Task item
Print the data that follows word for word, leaving out any picture.

Data
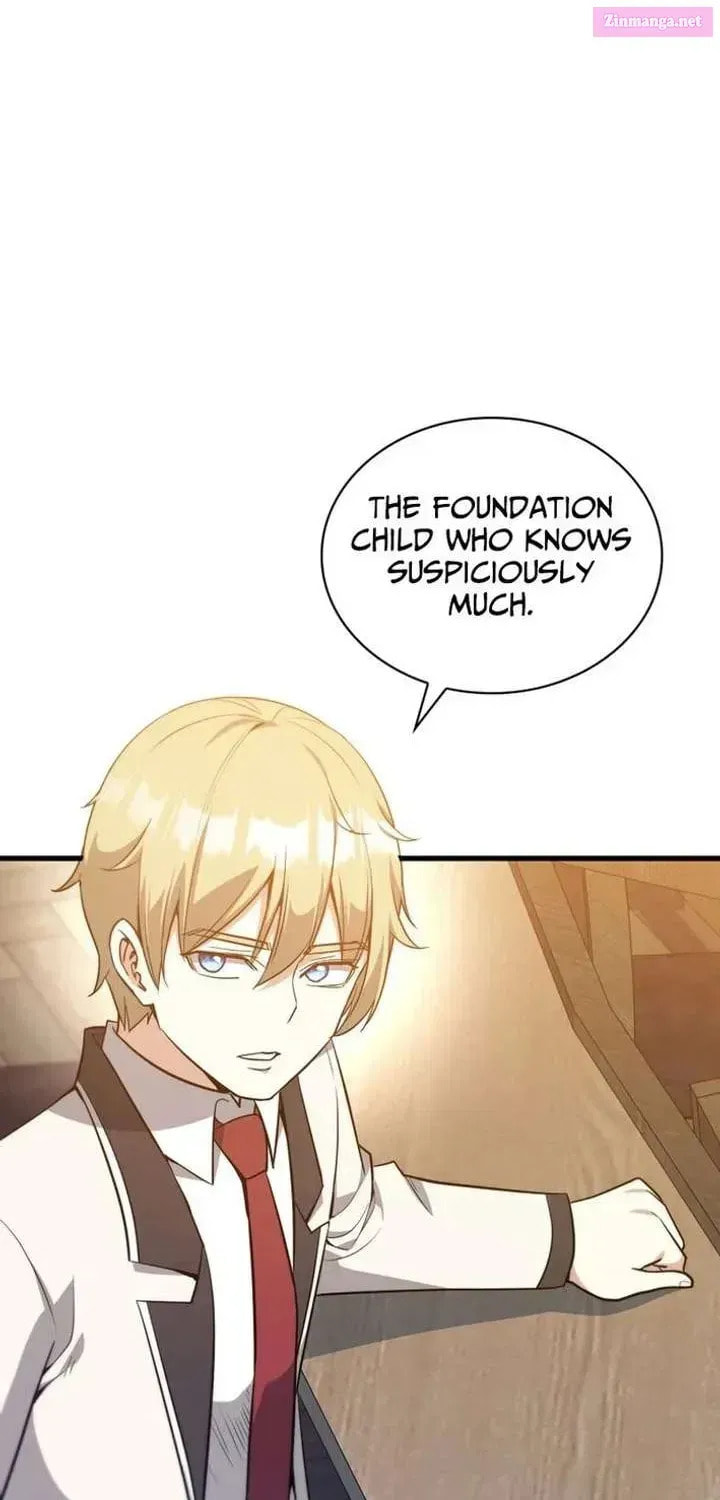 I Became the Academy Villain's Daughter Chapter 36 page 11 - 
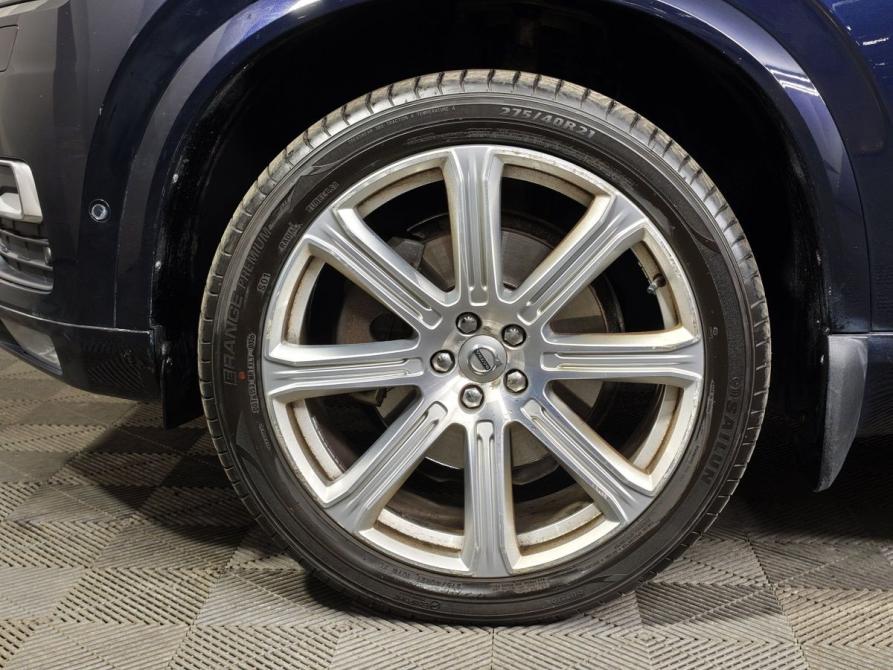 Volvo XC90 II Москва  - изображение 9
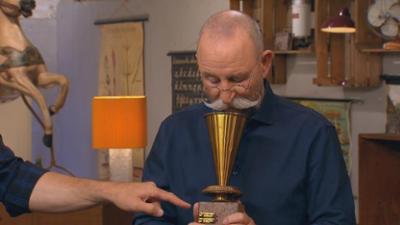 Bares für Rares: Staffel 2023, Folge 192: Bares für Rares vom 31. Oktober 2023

Solution to this exercise
 I Became the Academy Villain's Daughter Chapter 36 page 11 - 
 Volvo XC90 II Москва  - изображение 9
 Bares für Rares: Staffel 2023, Folge 192: Bares für Rares vom 31. Oktober 2023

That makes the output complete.